Dan Trachtenberg’s 10 Cloverfield Lane is that rare kind of surprise: an event movie that delights by virtue of its smallness, its ingenuity and the fact that you’ll know very little about it going in.
Described as “a spiritual successor” or “blood relative” to JJ Abrams’ found footage creature feature Cloverfield, this stand-alone chapter is, by turns, achingly tense, grimly macabre, darkly amusing and refreshingly intelligent.
What’s more, it operates from that rare starting point: an inability to anticipate what lies ahead given how little the marketing campaign has given away. The teaser trailers have remained just that; while there wasn’t even any production awareness given the speed with which it was put together and the secrecy that was maintained (the earliest anyone heard about the film was in January when a surprise trailer landed).
So, without wanting to give too much away, here’s a little of what to expect. Michelle (Mary Elizabeth Winstead) has just decided to leave her boyfriend when she is involved in a terrible accident. When she awakes, she finds herself locked in a cellar with Howard (John Goodman), a Doomsday fanatic who tells her that the world outside is now uninhabitable and that he is her only means of survival.
Locked in with these two is another man, Emmett (John Gallagher Jr.), who tells Michelle he wanted to be there, but who also seems wary of Howard’s true intentions and volatile mood swings. It’s not long before Michelle decides she needs to escape.
Conceived by JJ Abrams while he was making Star Wars: The Force Awakens and co-written by Drew Goddard and Daniel Casey, 10 Cloverfield Lane has a lot of fun playing with perception. How mad is Howard? How trust-worthy is Emmett? Yet it also knows how to toy with expectation too. As a result, it gives its lead trio plenty to play with.
Winstead, for her part, creates a believable heroine who is, by turns, scared yet resourceful and determined to survive, while Gallagher Jr is suitably mysterious as her potential ally. But this is Goodman’s film and his Howard is a fascinating enigma: someone who could just as easily be a misunderstood good Samaritan as he could be a monster.
And just when you think you have the measure of him [and the material], Trachtenberg throws in another twist to keep the momentum going.

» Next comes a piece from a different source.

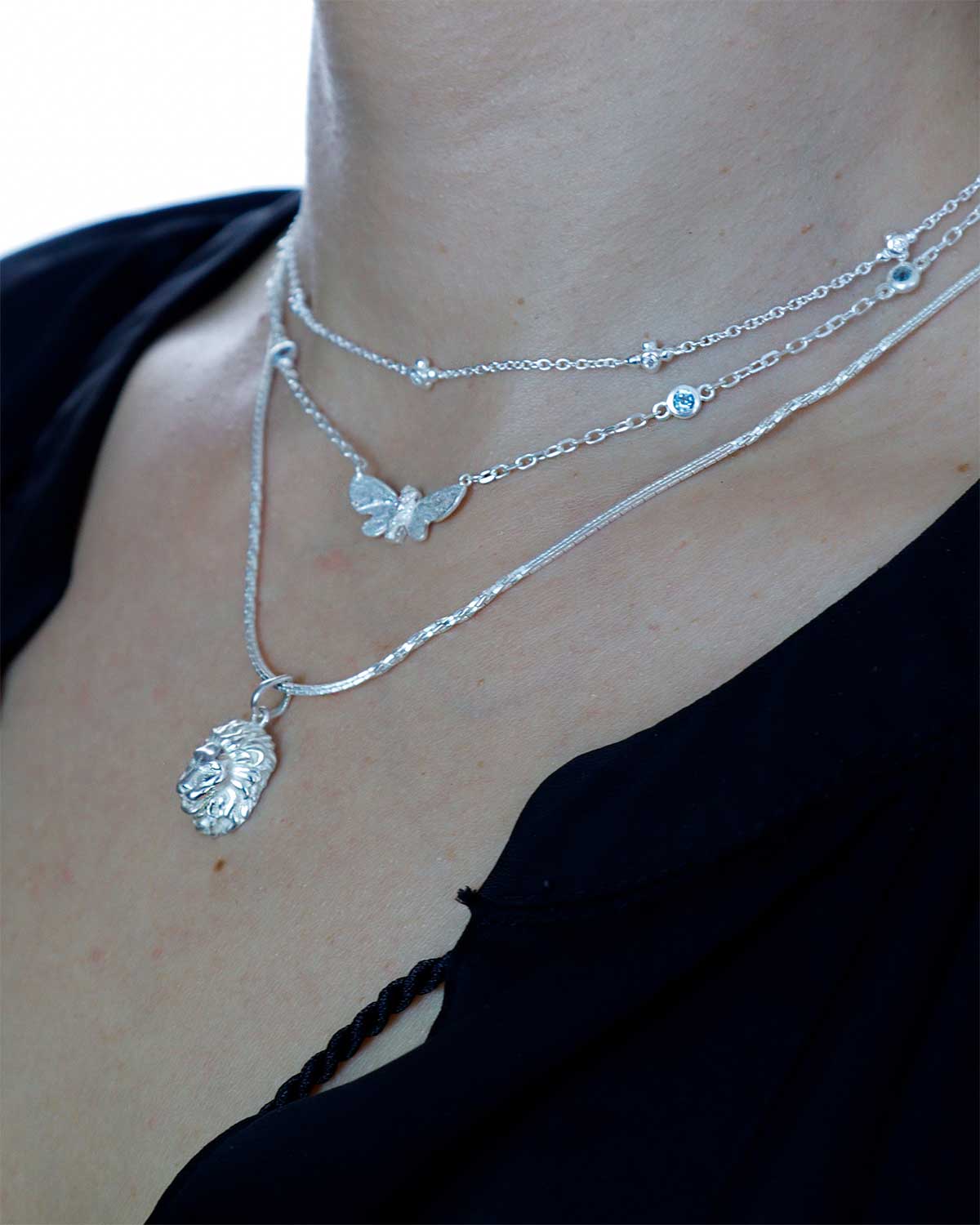 Model wearing a silver lion pendant necklace with textured chain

The first two thirds of the film are the best, relying on a keen sense of claustrophobic tension that Hitchcock would be proud of (not to mention several horror directors), while the final third opens things up and really allows all hell to break loose. It’s a white knuckle ride at times, with some of the material feeling far too extreme for the 12A certificate.
But even if the final scene underwhelms slightly, 10 Cloverfield Lane has done more than enough to impress and entertain. It’s a pulse quickener of high quality that grips from start to finish.